Recently, a friend of mine, James, was wondering which country song was, in his words, “the most satisfying musically.” He stipulated that lyrics could not be taken into account; he wanted a song that stood out simply for its musicality. He had asked my boyfriend Rob, a fellow fan and student of country music, and Rob and I were stumped for some time. It’s more of a difficult question than it seems because country is a lyric-driven genre. Musical arrangements are generally simple, and it’s hard to find something especially mind-blowing musically within a genre that relies so heavily on storytelling to make its points. The best answer I could come up with at the time was Reba’s “The Night the Lights went out in Georgia.” but I didn’t have access to this album then. Way out West has not earned this rating for its lyrical content, and I think it will be misunderstood and perhaps underappreciated by some for that reason. Country listeners generally look for a story, for honest and clever songwriting, and that part of this record won’t blow you away. but what Marty Stuart has done here musically, capturing a place and time and setting it so perfectly to music, cannot be ignored, and the fact that his vision did not come lyrically makes it even more of a risk within the country format and therefore all the more remarkable.

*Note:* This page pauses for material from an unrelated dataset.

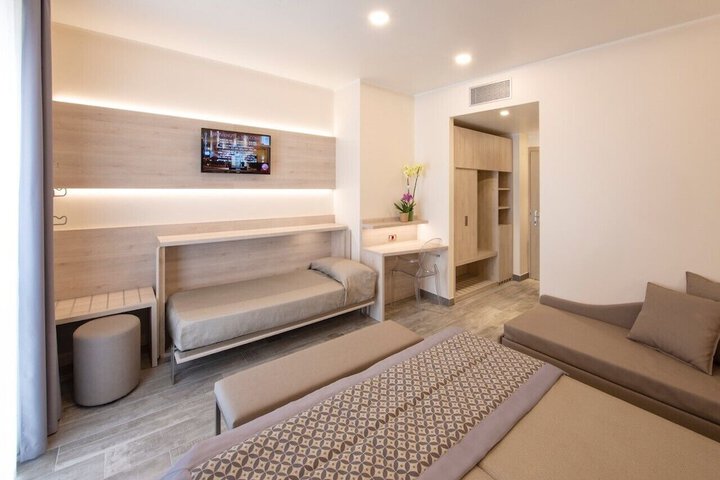 Room 11 of 25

That’s not to say that the lyrics are a weak point of this album, but you won’t find moments of lyrical brilliance. On a good portion of it, you won’t find lyrics at all. They seem to be placed into songs almost as an afterthought, and only where they belong. Probably the best songwriting comes on the title track, and there are some nice lyrical moments in “air Mail Special,” “Whole Lotta Highway,” and “Please don’t Say Goodbye” as well. As I say, it’s certainly not a weak point, but there is no cohesive story running through this record in the lyrics, and they won’t blow you out of the water on their own.

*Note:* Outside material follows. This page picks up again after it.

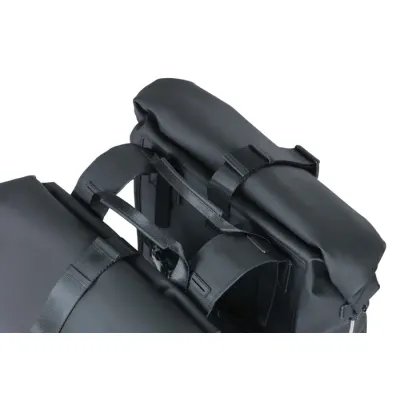 ALFORJA TRASERA BASIL SOHO NORDLICHT 41 L ALFORJA TRASERA BASIL SOHO NORDLICHT 41 L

The story, and the thing that will blow you out of the water, is in the music and mood. The songs and lyrics aren’t all about the American West, but this record is western through and through. Like last year’s Southern Family, this is a portrait of a place and culture. But Southern Family relied on stories to be southern; this record relies on sound and mood to be western. There’s Native American influence and Mexican influence too, arguably making this an even better representation than Southern Family, a record noticeably lacking in African-American influence and thus ignoring a major part of Southern culture. Marty Stuart recognizes that Native American and Mexican influence are as important in painting a portrait of the west as desert ballads. The aforementioned “Please don’t Say Goodbye” has absolutely nothing to do with the West; you won’t even hear references to deserts or California or wide open spaces here, like you do on some of the other tracks that otherwise aren’t really about the West, but there’s still no doubt that this song is western and belongs on the record. It’s in the music and mood, and it allows Marty Stuart to explore other lyrical themes and still produce a cohesive album.

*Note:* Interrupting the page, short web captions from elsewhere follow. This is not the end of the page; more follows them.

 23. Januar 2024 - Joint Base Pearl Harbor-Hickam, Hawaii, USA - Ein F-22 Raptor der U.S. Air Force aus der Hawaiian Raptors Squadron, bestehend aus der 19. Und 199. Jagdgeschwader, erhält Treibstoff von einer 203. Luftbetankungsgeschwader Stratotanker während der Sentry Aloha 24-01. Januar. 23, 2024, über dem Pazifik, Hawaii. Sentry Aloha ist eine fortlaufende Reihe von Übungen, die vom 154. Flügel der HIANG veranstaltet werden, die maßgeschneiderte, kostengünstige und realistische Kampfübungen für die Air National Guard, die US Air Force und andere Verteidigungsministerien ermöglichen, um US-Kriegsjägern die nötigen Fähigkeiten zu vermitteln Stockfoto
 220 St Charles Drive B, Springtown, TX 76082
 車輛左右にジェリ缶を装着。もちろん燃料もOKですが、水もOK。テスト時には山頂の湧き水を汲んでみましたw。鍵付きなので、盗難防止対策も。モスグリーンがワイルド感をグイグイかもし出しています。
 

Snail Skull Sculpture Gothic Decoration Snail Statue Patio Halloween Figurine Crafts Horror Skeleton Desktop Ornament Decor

It’s also why there are so many instrumental tracks and why this review isn’t a track-by-track affair. When you drive across west Texas, and there’s emptiness around you for miles, words can’t do justice to the way you feel. The same thing applies to the mountains in Colorado and the Badlands in South Dakota. Words would be inadequate to describe any of this, and yet somehow this record paints pictures of it all. You get the feeling listening that Marty Stuart felt that, in some places, words would just be interrupting, and far be it for me to take an experience like this and break it down into words and tracks. And by the way, credit to The fabulous Superlatives, relied on so heavily to make this album and these pictures come alive.
All I can say about this record is go listen to it. Nothing I can write here will do it justice because it is an album meant to be heard to be fully appreciated. I said on Twitter, and Leon of Country Music Minds quoted me, that you have to be in a very specific, not necessarily sober, mindset to fully get this, and I think that’s especially true after a couple listens. But sober or not, it can blow you away if you listen, and if you’re in the right frame of mind to enjoy it. As I said, I think some will misunderstand it because country is such a lyrically focused genre, but this album tells a story in an understated way, in a way that so few country projects have done, and the risk it takes should be commended. Now, stop reading this and go listen to the best album of 2017 so far.